→ **Task item**
Transcribe, word for word, only the lines from the one containing "Шнур Houles Velvet Piping 31300-9120" through the end of the material below. Pictures stay out.

→ **Records shown**
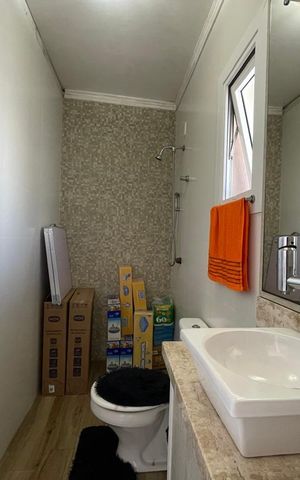 Casa à venda com 250m², 3 quartos e 4 vagas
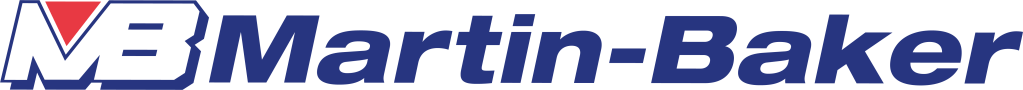 MB-LOGO-UK_line_RGB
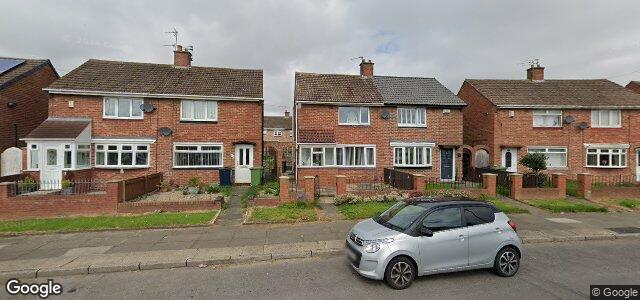 78 Gleneagles Road ਦੀ ਫੋਟੋ, ਵਿਨੀਪਿਗ, ਮੈਨੀਟੋਬਾ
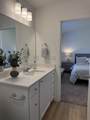 587 Mitchell Street - Photo 11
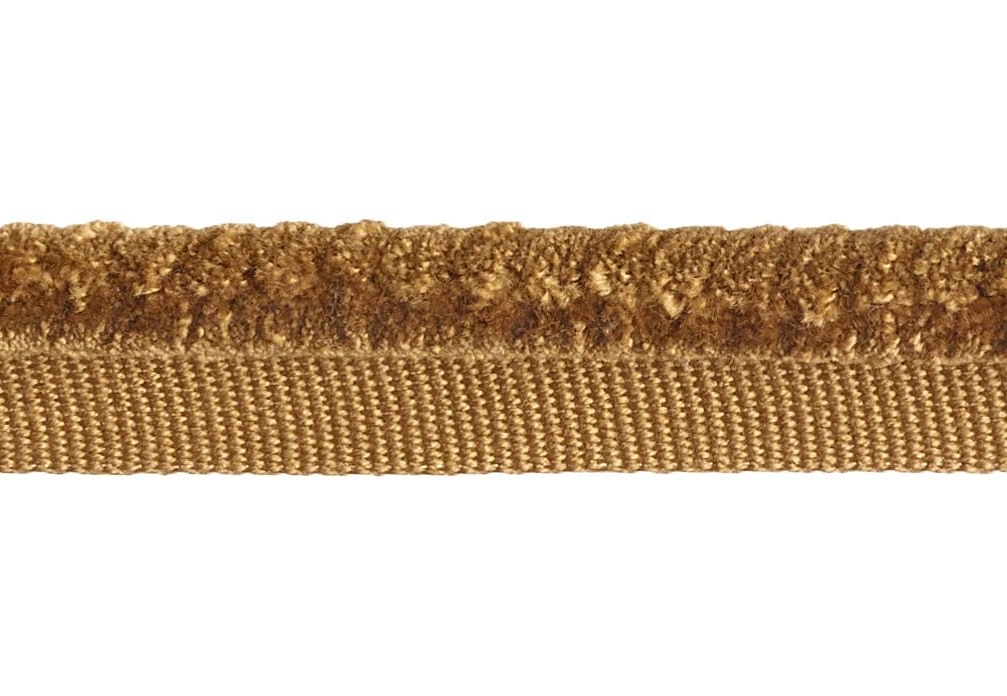 Шнур Houles Velvet Piping 31300-9120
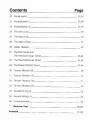 Bichitra English Grammar 4.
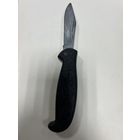 Складной нож ссср с рубля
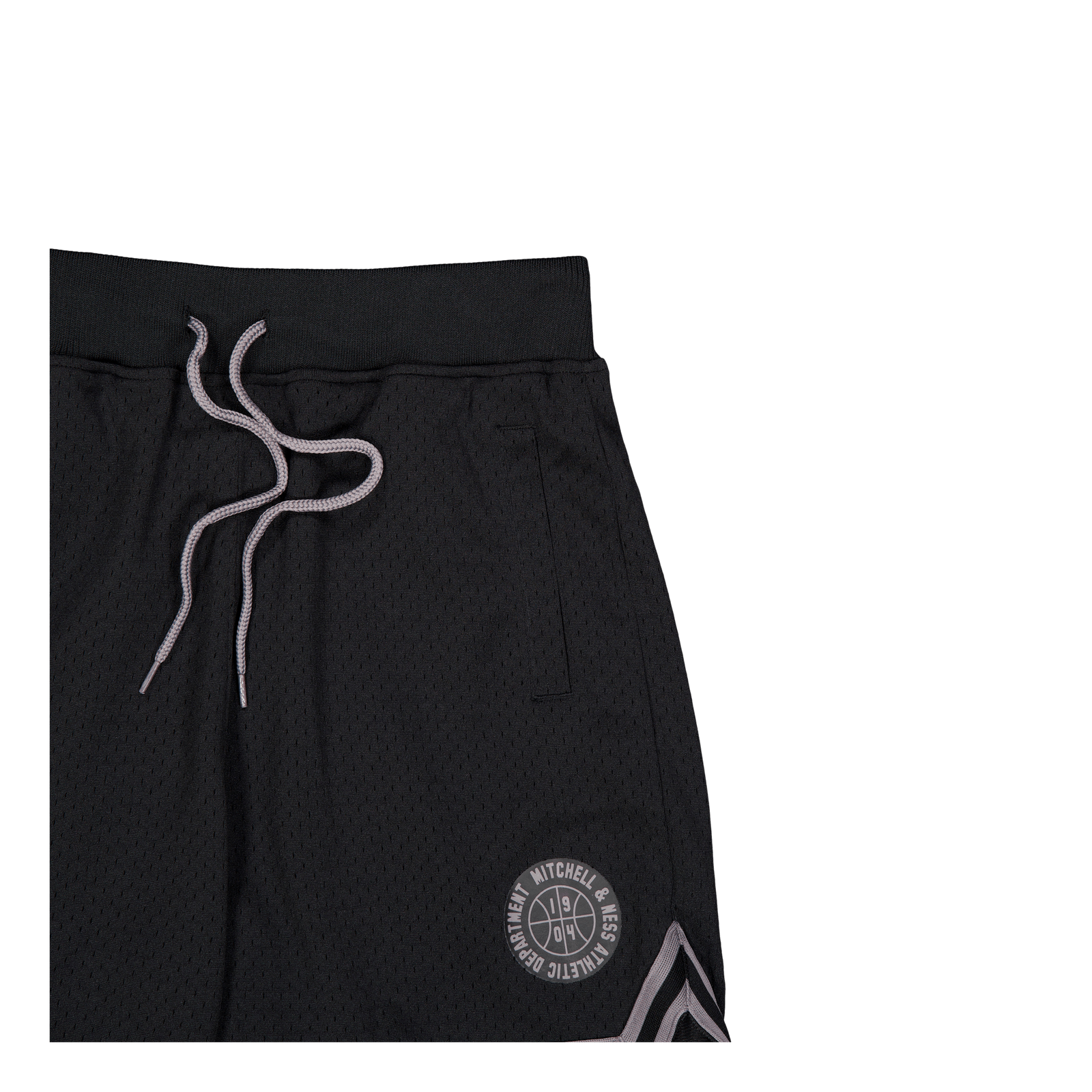 Own Brand M&n Game Day 2.0 Mes Black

→ **Exercise answer**
 Шнур Houles Velvet Piping 31300-9120
 Bichitra English Grammar 4.
 Складной нож ссср с рубля
 Own Brand M&n Game Day 2.0 Mes Black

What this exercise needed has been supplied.